Every entity class has the class method make_pivot_shortcut. You can use this to add a shortcut to an existing pivot function on that entity. Note that you must call this method on the entity class and not on an instance of that Entity.

The parameters that you must supply are func_name and target. The former is the relative path to the pivot function that you want to make the shortcut to, e.g. for IpAddress.util.whois you would use the string “util.whois”. target is the string name that you want the shortcut function to be called. This should be a valid Python identifier - a string starting with a letter or underscore, followed by any combination of letters, digits and underscores. If you supply a string that is not a valid identifier, the function will try to transform it into one.
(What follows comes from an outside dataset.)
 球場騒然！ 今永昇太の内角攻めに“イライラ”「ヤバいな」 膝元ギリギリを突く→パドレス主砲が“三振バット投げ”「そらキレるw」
>>> IpAddress.make_pivot_shortcut(func_name="util.whois", target="my_whois")
>>> IpAddress.my_whois("157.53.1.1")
ip_column    AsnDescription    whois_result
157.53.1.1   NA                {'nir': None, 'asn_registry': 'arin', ...

If the shortcut function already exists, you will get an error (AttributeError). You can force overwriting of an existing shortcut by adding overwrite=True.

To delete a shortcut use del_pivot_shortcut, giving the single parameter func_name with the name of the shortcut function you want to remove.

Removing pivot functions from an entity or all entities

Although not a common operation you can remove all pivot functions from an entity or from all entities.

See remove_pivot_funcs for more details.